TASK INPUTS —
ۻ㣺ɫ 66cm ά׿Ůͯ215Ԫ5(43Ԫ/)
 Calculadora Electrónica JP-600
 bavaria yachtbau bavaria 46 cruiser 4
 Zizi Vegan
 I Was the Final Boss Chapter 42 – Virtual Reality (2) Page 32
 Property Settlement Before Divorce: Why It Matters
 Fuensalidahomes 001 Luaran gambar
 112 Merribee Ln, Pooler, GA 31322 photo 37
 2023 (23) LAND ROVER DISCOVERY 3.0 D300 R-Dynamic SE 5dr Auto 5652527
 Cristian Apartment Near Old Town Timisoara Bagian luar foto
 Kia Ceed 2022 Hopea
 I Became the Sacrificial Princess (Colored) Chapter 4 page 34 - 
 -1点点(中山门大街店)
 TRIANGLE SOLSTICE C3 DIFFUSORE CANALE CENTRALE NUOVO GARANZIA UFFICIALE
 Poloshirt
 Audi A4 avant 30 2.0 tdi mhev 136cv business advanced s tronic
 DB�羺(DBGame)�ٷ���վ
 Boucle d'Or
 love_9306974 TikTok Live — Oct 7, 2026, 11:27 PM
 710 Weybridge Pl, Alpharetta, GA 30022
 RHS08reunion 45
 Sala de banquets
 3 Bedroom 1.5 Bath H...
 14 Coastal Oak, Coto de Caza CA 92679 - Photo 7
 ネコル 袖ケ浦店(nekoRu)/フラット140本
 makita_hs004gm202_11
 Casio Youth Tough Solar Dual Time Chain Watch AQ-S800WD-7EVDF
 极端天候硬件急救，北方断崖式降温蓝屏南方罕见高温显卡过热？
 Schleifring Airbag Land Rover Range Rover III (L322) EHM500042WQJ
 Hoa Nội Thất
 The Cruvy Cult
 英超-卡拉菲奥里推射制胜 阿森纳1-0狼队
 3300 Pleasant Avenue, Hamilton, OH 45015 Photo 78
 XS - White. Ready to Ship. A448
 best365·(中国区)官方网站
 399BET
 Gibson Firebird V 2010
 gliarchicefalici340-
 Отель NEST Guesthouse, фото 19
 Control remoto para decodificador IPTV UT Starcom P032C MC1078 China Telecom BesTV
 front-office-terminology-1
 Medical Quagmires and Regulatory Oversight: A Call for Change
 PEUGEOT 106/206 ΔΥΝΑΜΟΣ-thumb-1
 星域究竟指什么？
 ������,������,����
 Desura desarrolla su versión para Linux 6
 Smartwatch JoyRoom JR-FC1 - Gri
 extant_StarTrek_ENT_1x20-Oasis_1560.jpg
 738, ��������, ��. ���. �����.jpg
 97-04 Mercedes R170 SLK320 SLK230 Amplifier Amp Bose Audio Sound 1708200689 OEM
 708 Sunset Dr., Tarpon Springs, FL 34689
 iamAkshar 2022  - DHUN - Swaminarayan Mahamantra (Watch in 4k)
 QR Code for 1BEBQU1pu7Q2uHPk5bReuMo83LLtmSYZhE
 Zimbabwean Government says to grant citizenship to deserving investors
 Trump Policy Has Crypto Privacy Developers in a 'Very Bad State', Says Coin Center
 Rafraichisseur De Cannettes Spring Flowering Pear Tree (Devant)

TASK ITEM —
Please report every line of the records above that contains the word "para".

OUTPUT —
 Control remoto para decodificador IPTV UT Starcom P032C MC1078 China Telecom BesTV
 Desura desarrolla su versión para Linux 6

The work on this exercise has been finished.